== Work to be completed ==
Copy every line in the records below that contains the word "digital".

== Short descriptive text snippets ==

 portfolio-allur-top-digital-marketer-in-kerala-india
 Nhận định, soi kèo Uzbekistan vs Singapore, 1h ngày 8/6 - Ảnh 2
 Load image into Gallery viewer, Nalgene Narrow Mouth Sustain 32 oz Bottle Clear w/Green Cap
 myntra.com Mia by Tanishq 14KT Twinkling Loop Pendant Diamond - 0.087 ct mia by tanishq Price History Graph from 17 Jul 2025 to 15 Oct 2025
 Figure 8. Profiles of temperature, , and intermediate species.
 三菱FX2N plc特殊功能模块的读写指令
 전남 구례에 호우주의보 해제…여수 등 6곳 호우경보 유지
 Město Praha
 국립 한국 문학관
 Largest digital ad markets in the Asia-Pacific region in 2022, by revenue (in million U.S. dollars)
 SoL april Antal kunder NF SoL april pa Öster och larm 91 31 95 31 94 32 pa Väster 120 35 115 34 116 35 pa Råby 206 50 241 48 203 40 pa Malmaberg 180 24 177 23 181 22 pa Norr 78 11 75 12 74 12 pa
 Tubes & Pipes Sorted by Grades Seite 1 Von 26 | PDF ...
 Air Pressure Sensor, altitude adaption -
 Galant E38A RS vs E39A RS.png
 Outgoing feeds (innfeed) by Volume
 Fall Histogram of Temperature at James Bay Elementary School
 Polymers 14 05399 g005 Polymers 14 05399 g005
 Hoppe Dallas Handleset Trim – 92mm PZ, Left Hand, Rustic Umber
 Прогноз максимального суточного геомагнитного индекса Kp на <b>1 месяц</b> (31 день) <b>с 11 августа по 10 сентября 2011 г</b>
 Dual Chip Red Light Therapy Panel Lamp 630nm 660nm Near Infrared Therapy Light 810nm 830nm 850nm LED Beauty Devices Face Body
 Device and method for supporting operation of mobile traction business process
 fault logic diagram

== Response to this exercise ==
 portfolio-allur-top-digital-marketer-in-kerala-india
 Largest digital ad markets in the Asia-Pacific region in 2022, by revenue (in million U.S. dollars)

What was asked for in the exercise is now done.